One of the best defenders of classical Marxism was Rubin Gotesky, a young philosophy instructor at Long Island University, who wrote a three-part critique of Hook’s Toward the Understanding of Karl Marx that was published in the New International.53 The essay is remarkable for its lucid and sophisticated restatement of the methodological tenets and doctrinal conclusions of classical Marxist philosophy. Born in Poland in 1906, Gotesky was the son of a labor organizer and joined the Communist Party in New York.54 Discovered reading a book by Trotsky in a library, he was expelled for Trotskyism and joined the CLA in 1931. Yet only two years after completing his thoughtful defense of Marxist principles, Gotesky left the Trotskyists and returned to graduate school at New York University to pursue his doctorate. In a pattern that would become all too familiar, he retained from his Trotskyist experience only an admiration for Trotsky’s “capacity to see what was and is rotten in actual socialist [sic] states.”55 In 1940, when the New York City Board of Higher Education held hearings following the Rapp-Coudert investigation of Communist professors, Gotesky testified for the prosecutors at every single trial as an “expert witness” on the question of the Communist Party’s advocacy of force and violence to overthrow the government.
As for the critics of Marxist orthodoxy, at a certain point they simply reached an impasse—their attempt to “modernize” Marxism had become transformed into a full-scale repudiation of the Marxist doctrine and method. Ten years later not a single one of the modernizers or critics of classical Marxism, and scarcely
more than a handful of its defenders, could still be classified as a “Marxist” in any meaningful sense of the term. What had transpired, despite its auspicious beginnings, proved to be an embarrassing dis ruption of the development of Marxist thought in the United States that would leave the indigenous radical movement almost wholly dependent on European thought for stimulation and inspiration in future decades.

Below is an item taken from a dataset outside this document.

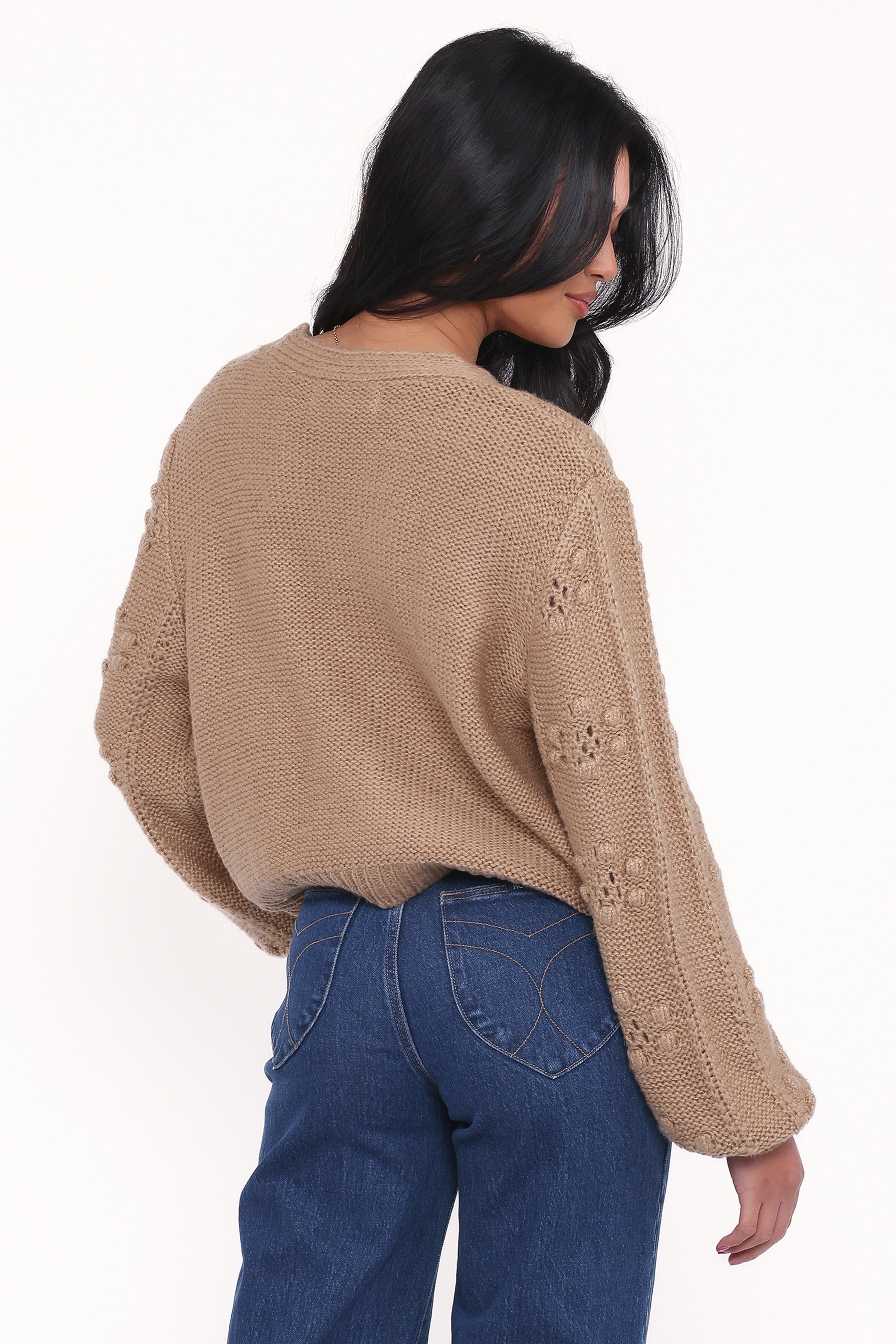 Petal and Pup USA KNITWEAR Melody Textured Button Up Cardigan - Mushroom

The problem was not that the participants in the debate had meager intellectual resources or were especially ill-informed, particularly compared with those who made pronouncements on philosophical matters for the official Communist movement, such as V. J. Jerome and Earl Browder. More decisive was that the Marxist culture in which such debates might have flourished was impoverished in the United States because of the same complex historical factors that had retarded working-class self-organization and consciousness.56 In Marxist philosophy there had been no influentual American progenitor of the caliber of Plekhanov in Russia or Labriola in Italy; only the curious figure of William English Walling, whose superficial attempt to combine Marxism and pragmatism was a harbinger of the debates that occurred during the depression years.
A complicating factor was that some of the modernizers and critics of classical Marxism in the 1930s were themselves undergoing personal transformations because of rapidly changing events even as they launched their polemics. Consequently, various philosophical positions might inadvertently become instruments of political differentiation, or, more likely, rationales for maintaining arm’s-length relationships with the organized left or abstaining and/or withdrawing from it. What appeared to be a penetrating philosophical insight one moment might become justifiably suspect the next, as a theoretican’s overall position was reworked to rationalize a political shift. Such shifts were almost always to the right although occasionally they were preceded by a brief spurt of left-wing purity.